Jusqu’à présent, il est facile de ressortir le onze majeur du Kadiogo qui a atteint les demi-finales de la Coupe d’Afrique des Vainqueurs de Coupe en 1978 après avoir éliminé le grand Ashanti KOTOKO de Kumasi et ses Stars Karim Abdoul RAZAK, Opoku AFRIYE, Opoku NTI...
Gardien : Laurent OUEDRAOGO
Défense : Adama OUEDRAOGO Gaucher, Célestin NIKIEMA, Mathias NANA alias Kolo national, Modeste Dah SIERRA,
Milieu : ZOMA Kuiliga, Antoine OUEDRAOGO, Guy YAMEOGO, Joseph YAMEOGO, Hubert HIEN...
Attaque : Joseph KABORE dit SAP Olympic, Emmanuel OUEDRAOGO dit Manu, etc.

On les aurait oubliés si leur passage avait été caractérisé par de mauvais résultats ou s’ils avaient fait long feu.

Pour le présent, il y a l’exemple du Milan AC ce grand club européen qui est d’une régularité déconcertante sur la scène internationale. Toujours présent dans le dernier carré de la Ligue européenne des champions, elle est une des équipes les plus stables du vieux continent. Sa défense composée de Alessandro NESTA, Alessandro COSTACURTA, Marcos EVANGELISTA de Moraes dit Cafu, Paolo MALDINI est en place depuis 2003. Elle est aussi en âge la plus vieille du championnat italien et de la Ligue des champions avec 40 ans pour COSTACURTA, 37 pour MALDINI, 36 pour Cafu et 30 pour NESTA.
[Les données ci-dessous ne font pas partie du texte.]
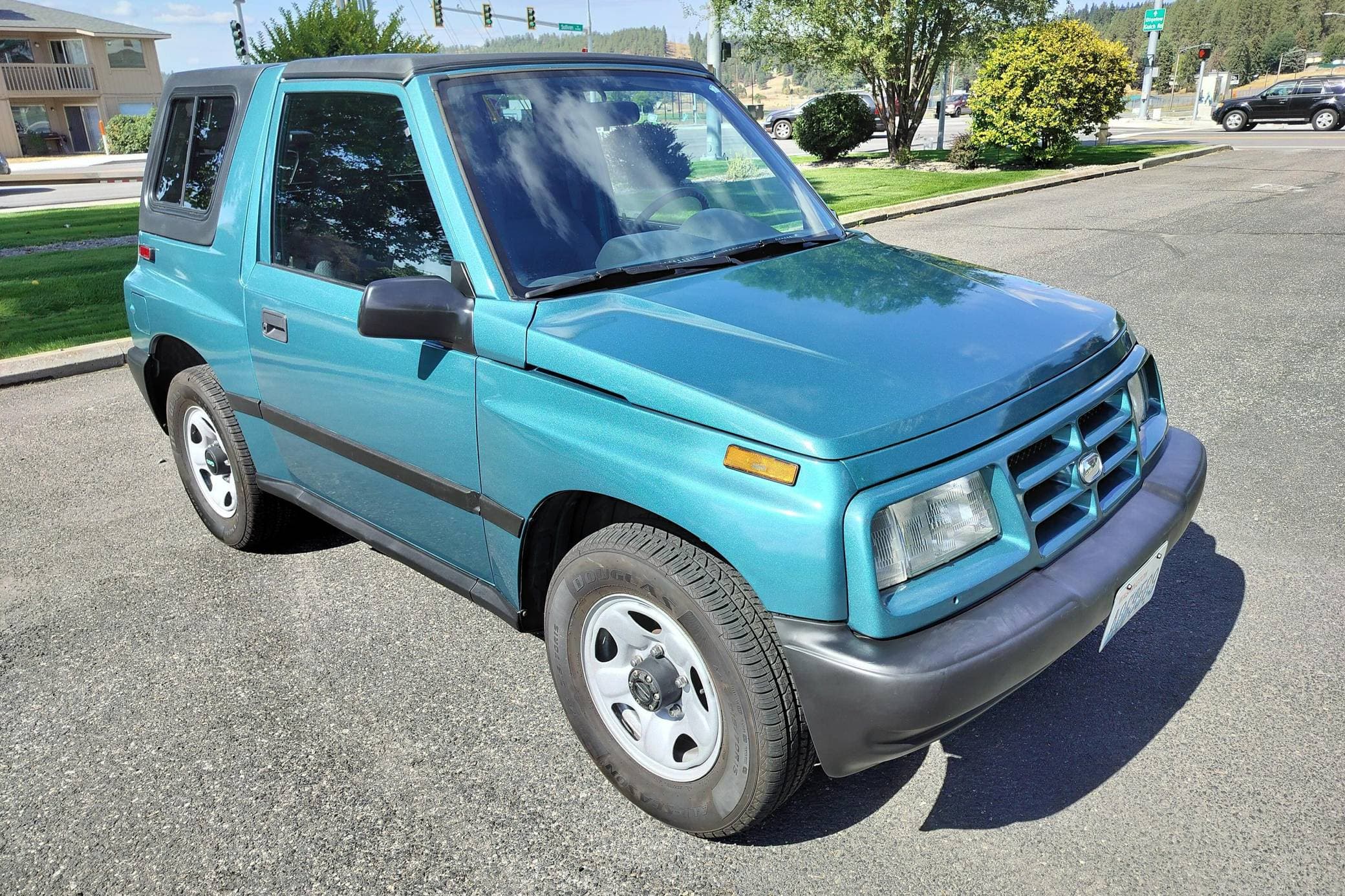 1996 Geo Tracker sold for $7,600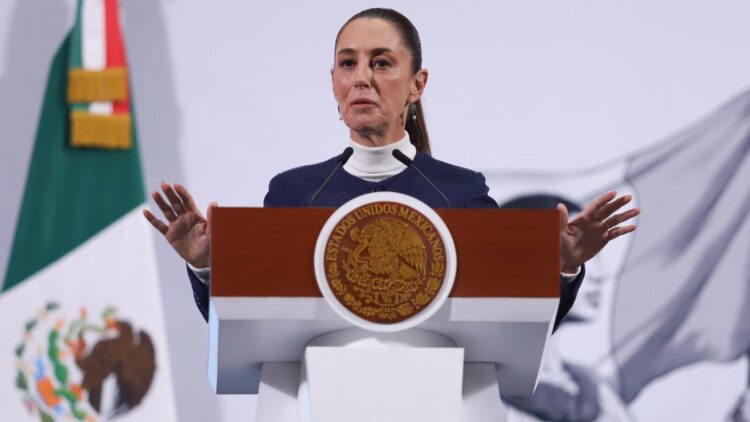 Sheinbaum ‘expulsa’ a la Suprema Corte de ceremonia de la Constitución: ‘Pedimos respeto’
Si c’était au Burkina, il y a longtemps qu’ils ont été envoyés sur les gradins pour cause de « vieillesse ». Mais le staff du Milan AC a décidé de ne pas recruter des défenseurs pour la saison prochaine en plaçant sa confiance à ces joueurs. C’est la preuve que la stabilité de l’effectif participe de la constance des résultats qu’obtient une équipe.

Si on revient dans le championnat burkinabè actuel, il est difficile de parier sur une équipe pour les résultats qu’elle va produire. Même quand le leader rencontre la lanterne rouge, les supporters vont au stade la peur au ventre. Ce qui n’est pas normal. Selon les techniciens, il est très difficile de gérer une compétition dans ces conditions.

« Dès la réception du calendrier du championnat, a dit un entraîneur, vous faites une évaluation des points que vous pensez obtenir en mettant les résultats probables des matchs. Cela permet de situer à peu près votre place en fin de compétition ». « Normalement, poursuit-il, cette projection doit se réaliser à au moins 70% compte tenu de l’impondérabilité du football ».

Mais si on doit disputer tous les matchs avec les mêmes propensions d’échec et de réussite, il est difficile de gagner quoi que ce soit.
Le sport reste une œuvre humaine donc imparfaite, il est néanmoins possible d’adopter des méthodes qui satisferont aux exigences de la haute performance si on veut être parmi les meilleurs.